Ihre Biografie über Alexander von Humboldt war mit einer Auflage von über einer Million Exemplare ein internationaler Bestseller. Nun blickt Andrea Wulf in ihrem Buch "Fabelhafte Rebellen" auf die ungemein produktive Zusammenarbeit der deutschen Frühromantiker, die Jena Ende des 18. Jahrhunderts zum europäischen Zentrum der Philosophie, Literatur und Geisteswissenschaft machten.

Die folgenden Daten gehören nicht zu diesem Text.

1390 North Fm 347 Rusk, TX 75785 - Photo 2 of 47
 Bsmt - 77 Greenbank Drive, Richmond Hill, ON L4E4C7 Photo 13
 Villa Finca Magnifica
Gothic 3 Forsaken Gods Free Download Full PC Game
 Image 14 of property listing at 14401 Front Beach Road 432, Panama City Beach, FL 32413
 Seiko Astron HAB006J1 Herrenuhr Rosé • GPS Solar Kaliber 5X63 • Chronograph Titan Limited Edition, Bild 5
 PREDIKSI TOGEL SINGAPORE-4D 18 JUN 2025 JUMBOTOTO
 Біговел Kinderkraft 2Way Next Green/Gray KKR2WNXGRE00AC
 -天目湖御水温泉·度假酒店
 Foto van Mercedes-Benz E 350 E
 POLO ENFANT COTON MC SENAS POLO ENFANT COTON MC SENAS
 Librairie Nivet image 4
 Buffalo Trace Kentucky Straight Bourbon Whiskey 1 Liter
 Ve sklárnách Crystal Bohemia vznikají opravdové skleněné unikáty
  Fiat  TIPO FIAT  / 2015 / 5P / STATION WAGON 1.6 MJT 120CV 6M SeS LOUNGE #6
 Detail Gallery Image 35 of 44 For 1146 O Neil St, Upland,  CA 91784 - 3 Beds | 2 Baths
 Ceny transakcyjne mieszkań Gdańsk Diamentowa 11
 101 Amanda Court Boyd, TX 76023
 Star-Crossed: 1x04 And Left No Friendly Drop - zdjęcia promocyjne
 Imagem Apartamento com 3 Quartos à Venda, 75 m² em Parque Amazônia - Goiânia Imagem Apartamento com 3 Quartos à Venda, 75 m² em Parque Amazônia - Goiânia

Zeitgleich verweilten hier Schiller, Goethe, die Brüder Humboldt, Schelling, Novalis, Hegel, Fichte, Friedrich Schlegel, August Wilhelm Schlegel nebst Gattin Caroline, die im Zentrum dieses intellektuell schillernden Gruppenporträts steht.

AZ: Frau Wulf, wie sind Sie auf das Thema der Jenaer Gruppe gestoßen?
ANDREA WULF: Meine Humboldt-Recherche hat mich damals nach Jena geführt für das Kapitel über Goethe und Humboldt. Und da habe ich überall die Gedenktafeln an den Häusern gesehen: ein Who is Who der deutschen Dichter und Denker. Damals war mir Caroline Schlegel noch gar kein Begriff, weil sie in ihrer literarischen Rolle quasi aus der Geschichte rausgeschrieben wurde. Dabei hat sie beispielsweise gleichberechtigt mit ihrem Mann die Shakespeare-Übersetzungen gemacht, aber nur sein Name blieb bestehen.

Eine Frau im Zentrum von Dichtern und Denkern

Was haben Sie denn in den Briefen gefunden, um Ihre Rolle neu einzuordnen?
Erst durch die Recherche - und ich habe wirklich Tausende Briefe gelesen - habe ich gemerkt, wie sehr sie im Zentrum des Jenaer Kreises stand, nicht nur als Muse, sondern als intellektueller Mittelpunkt. In einem Brief beschwert sich etwa Friedrich Schlegel, dass Caroline immer seine Texte für die Kulturzeitschrift "Athenaeum" kürze, sie hat also dort als Redakteurin fungiert. In einem Brief an Goethe schreibt August Wilhelm Schlegel, dass "sein" Essay "Die Gemälde" hauptsächlich von seiner Frau geschrieben sei. Ich bin auf viele solcher Beispiele gestoßen.

"Jede Figur wäre eine eigene Biografie wert"

Sie wäre auch eine eigene Biografie wert gewesen.
Jede dieser Figuren ist interessant genug für eine eigene Biografie, aber viel ungewöhnlicher war diese Zusammenarbeit des Kreises, also zu beschreiben, wie sie sich gegenseitig befruchtet haben. Denn sie sind von Fichtes Ich-Philosophie beeinflusst, die von allen auch so praktiziert wird, dass das Leben die Theaterbühne dafür wird. Es geht in dem Buch nicht um verstaubte Ideen, die nichts mehr mit unserem Leben zu tun haben. Es geht auch um den Spagat aus Selbstbewusstsein, Egoismus und freiem Willen. Das ist heute noch die gleiche Gratwanderung für uns.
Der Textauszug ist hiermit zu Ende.